Market Analysis: Growing Leverage During Downturn
Bitcoin derivatives markets are displaying what K33 Research describes as a dangerous pattern, as traders are adding aggressive leverage during a correction that has pushed Bitcoin down 14% over the past week to an intraday low of $88,783 on Tuesday. This level represents the weakest price point since April.
Perpetual futures traders have expanded open interest by more than 36,000 Bitcoin, marking the largest weekly growth since April 2023, according to K33 Head of Research Vetle Lunde. Funding rates have climbed simultaneously, signaling a behavior of attempting to catch a falling knife rather than engaging in defensive positioning.
Lunde stated that the growing funding rates likely stem from resting limit orders being filled in the hope of a swift bounce as prices pushed below six-month lows. However, no bounce has materialized, and the current leverage now represents an excess overhang that increases the risks of amplified volatility driven by liquidations.
The rise in funding rates indicates that more traders are competing for long exposure, thereby increasing vulnerability if prices continue to decline. Because every long position is matched with a short in monetary value, a squeeze risk exists on both sides of the market.
Historical Precedents and Institutional Sentiment
Lunde warned that such divergence has historically preceded negative price action. CME futures premiums are sitting near yearly lows, while the term structure remains narrow, reflecting persistent risk aversion among institutional participants. The concerning market structure statistically mirrors seven similar regimes over the past five years, six of which saw continued declines over the following month with an average 30-day return of negative 16%.

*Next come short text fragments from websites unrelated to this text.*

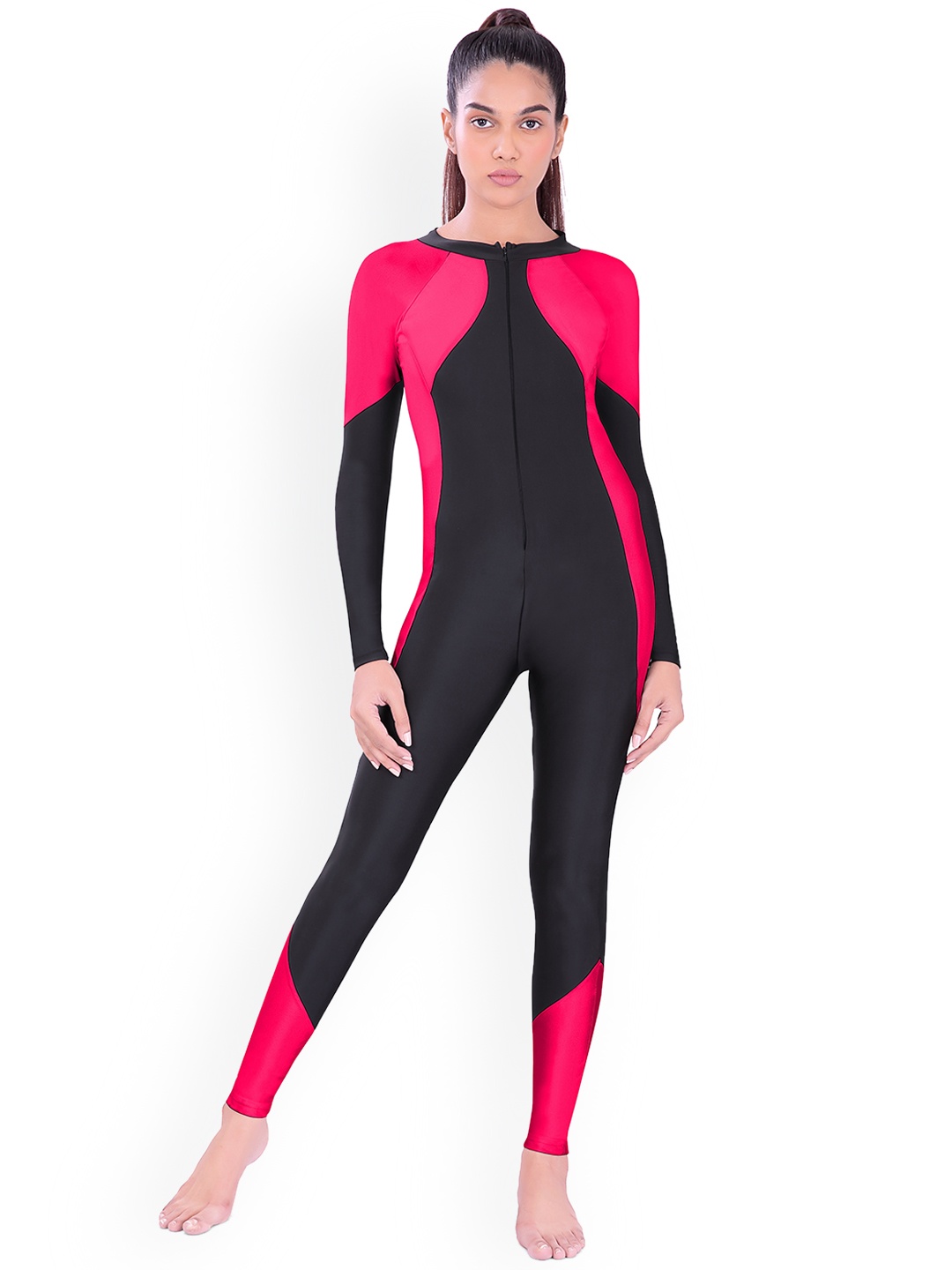 Fiesta Clara Colorblocked Swim Leg Suit, Fuchsia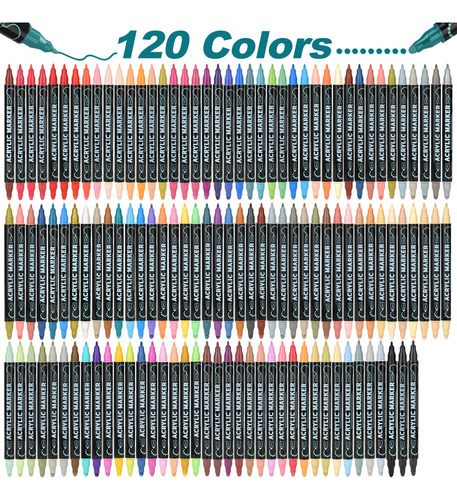 Kit De 120 Colores Plumones Acrilico Punta Plumones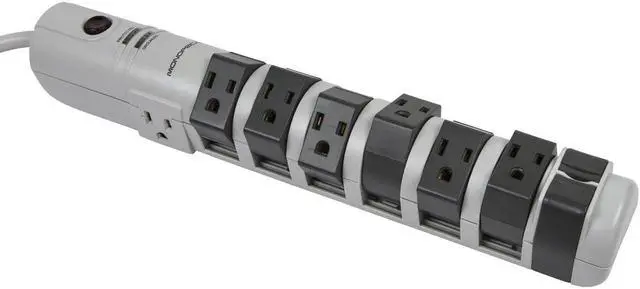 Alt view image 5 of 20 - Monoprice Power & Surge - 8 Outlet Rotating Surge Strip - Gray | UL Rated 2, 160 Joules with Grounded and Protected Light Indicator
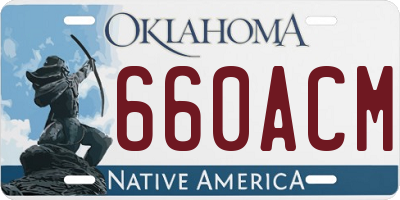 OK license plate 660ACM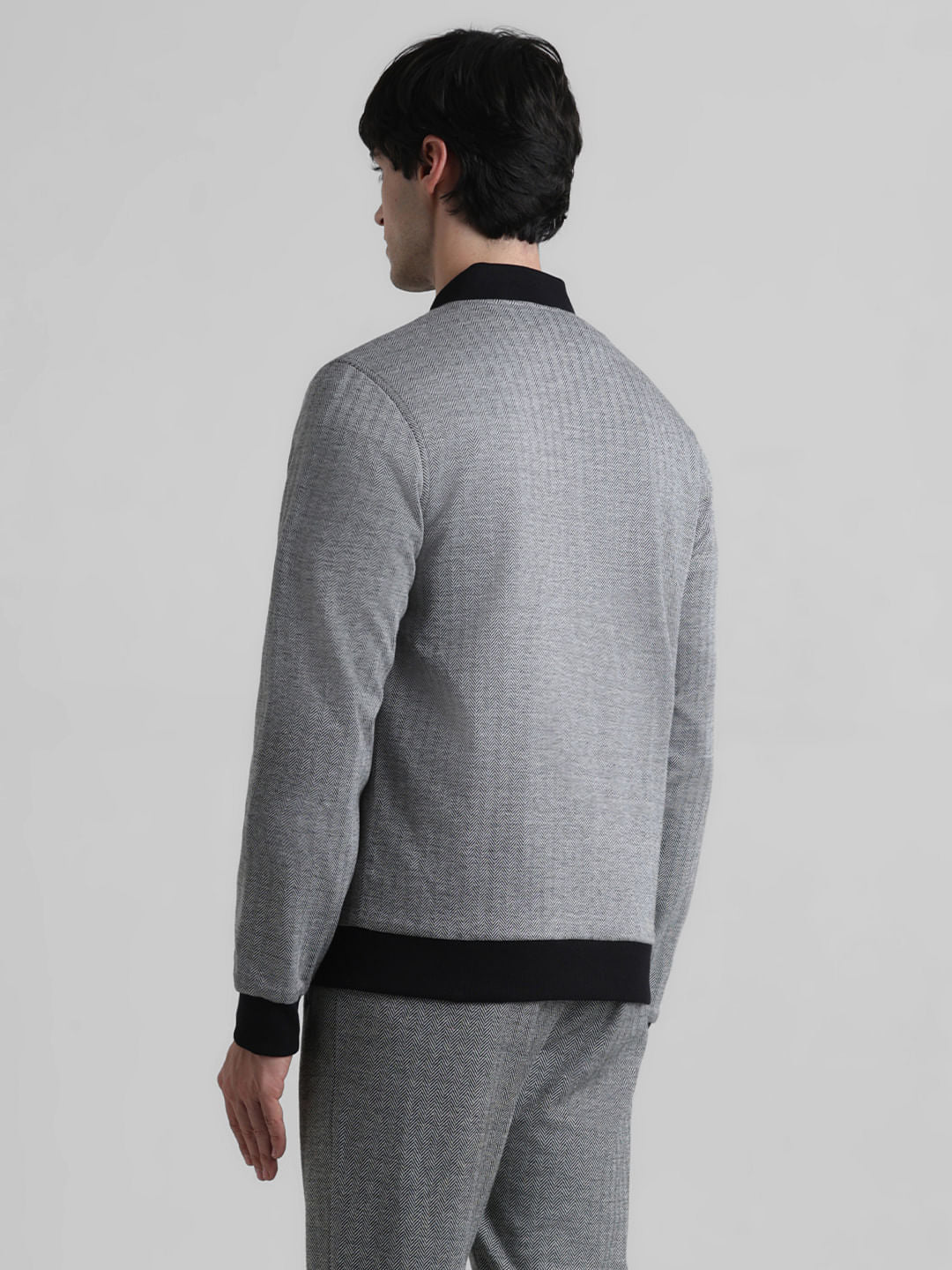Grey Printed Knit Co-ord Set Jacket - Image 4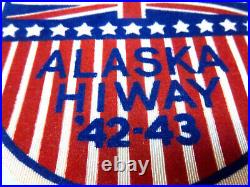 RARE! Vintage 1942 1943 Alaska Highway Alcan woven style patch, WWII era, NEW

Six of the past seven ETF trading sessions have ended in outflows, including a 10,060 Bitcoin single-day withdrawal on November 13th, which was the fourth-largest daily outflow since U.S. ETFs launched. Bitcoin has faced a wave of ETF selling, with products losing 20,150 Bitcoin over the past week and nearly 40,000 Bitcoin over the past 30 days.
Bitcoin's 30-day return stands at negative 14.7% compared to the Nasdaq's negative 0.18%, even as correlations between the assets have hit yearly highs. The selling coincides with long-term holder distribution and weakness relative to tech stocks.
Potential Price Levels and Outlook
Lunde noted that while the firm expects better conditions ahead amid accelerating institutional adoption and supportive monetary conditions, the present drawdown ranks among the most severe 43 days into a downturn since 2017. K33 acknowledged that measuring 43-day returns is arbitrary and emphasized that it does not expect a repeat of lasting bear cycles seen in 2018 and 2022.
If the decline tracks the two deepest drawdowns of the past two years, the firm estimates a potential bottom between $84,000 and $86,000. A deeper leg toward April's low and Strategy's average entry price of $74,433 could materialize if selling pressure intensifies. Both levels represent psychological areas monitored by many traders. While a common misunderstanding suggests Strategy may become a forced seller with prices below its cost basis, the level itself represents a potential area the market could chase, according to the analysis.